Now, here is my code:

    x_train_org,y_train_org= load(data.pt)
    x_train_org = x_train_org[rand_idx, :]
    y_train_org= y_train_org[rand_idx, :]
    training_data = data_utils.TensorDataset(x_train_org, y_train_org)
    train_data_loader = data_utils.DataLoader(training_data, batch_size=batch_size, shuffle=True, pin_memory=True)

    for i in range(0, ep_num):
        estimator.train()
        for x, y in train_data_loader:
            x, y = x.to(device), y.to(device)
            pred_log_probs = estimator.forward(x)
            model_optimizer.zero_grad()
            loss1 = cost_func(pred_log_probs.permute([0, 2, 1]), y)
            loss1.backward()
            model_optimizer.step()

        estimator.eval()
        pred_log_probs = estimator.forward(x_train_org.to(device))
       train_loss[i + 1] = cost_func(pred_log_probs.permute([0, 2, 1]), y_train_org.to(device)).detach().item()

So my questions are:
Is there something wrong with the flow of my code?

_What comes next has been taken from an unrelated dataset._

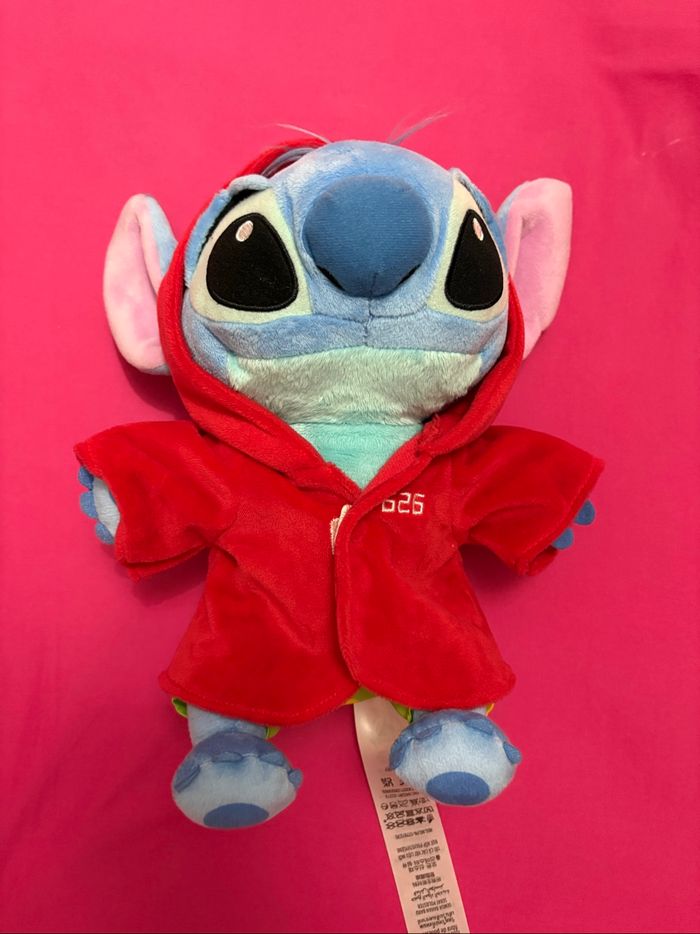 Peluche Disney stitch - photo numéro 2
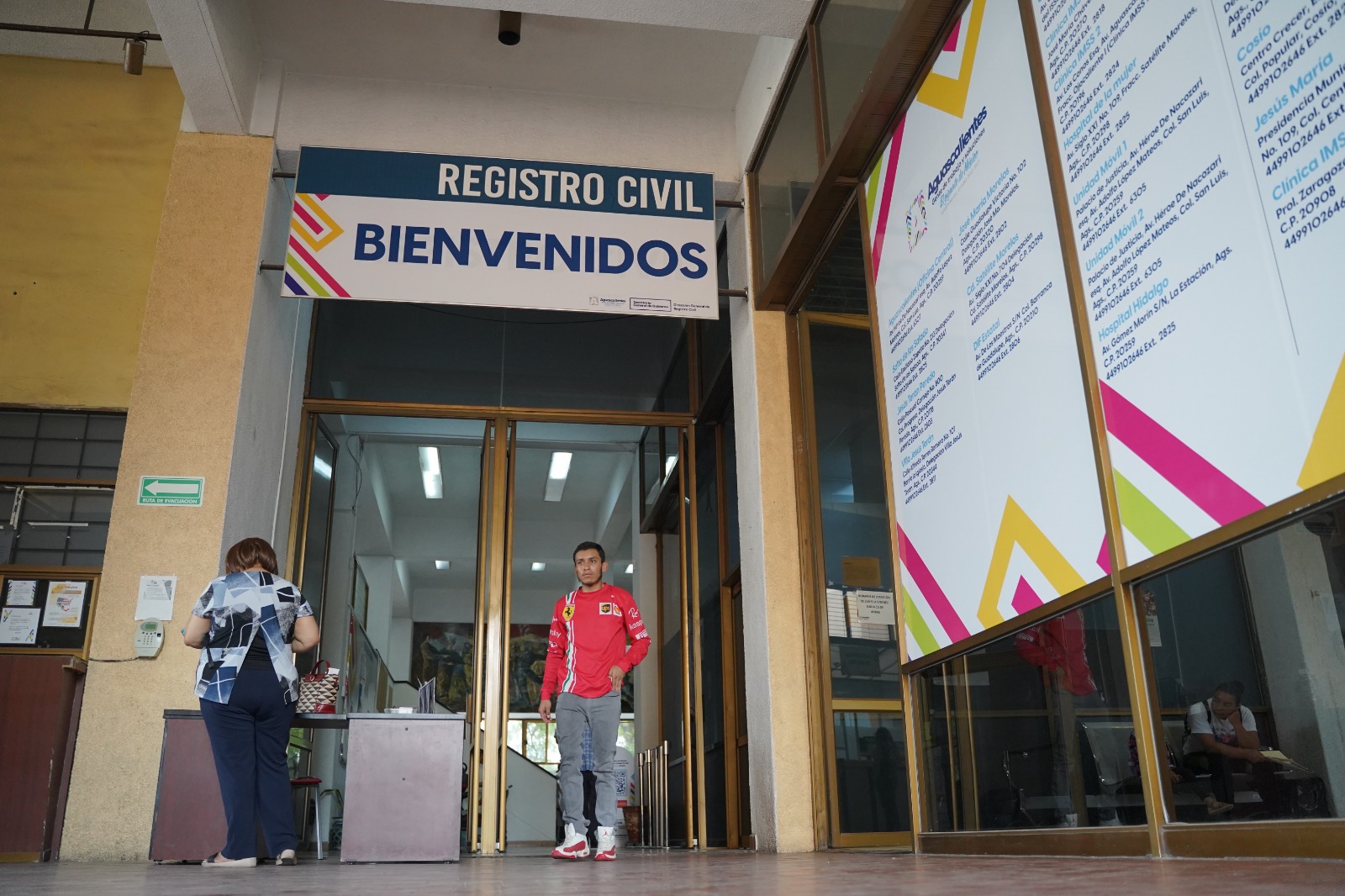 REGISTRO CIVIL ACERCA SUS SERVICIOS A TODOS LOS RINCONES DEL ESTADO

Should I use the “.to(device)” directly when feeding the DataLoader with the training data?
Is there any reason for me to really use the DataLoader in case of a single GPU and when all data is already in pytorch tensor data?
Is there anything I can do to speed things up?

Try setting num_workers=1 (or more) in your DataLoader.

This is gives the following error:

An attempt has been made to start a new process before the
current process has finished its bootstrapping phase.

Probably because of the way I’m training the model

Since your dataset is tiny, I don’t think that multiple workers will help you much.
It seems you are just slicing the tensors currently without any transformations.
You could try to load all data, push it to the GPU beforehand and just slice the batch manually in your training loop. Maybe this will speedup your model a bit.
However, your data and model might be just too small to get a high GPU utilization.

As a small side note: you shouldn’t call the forward method of your model, but the model instance itself (estimator(x)), which will make sure to properly register all hooks etc.

1 Like

Hi, Thanks for the response
What do you mean by “push it to the GPU beforehand…”? do you mean to simply call .cuda() on the loaded training data and labels and to simply go over this tensor in batches?

Yes, exactly. This would skip e.g. the default collate function in the DataLoader, which might add some overhead in such a small use case.

1 Like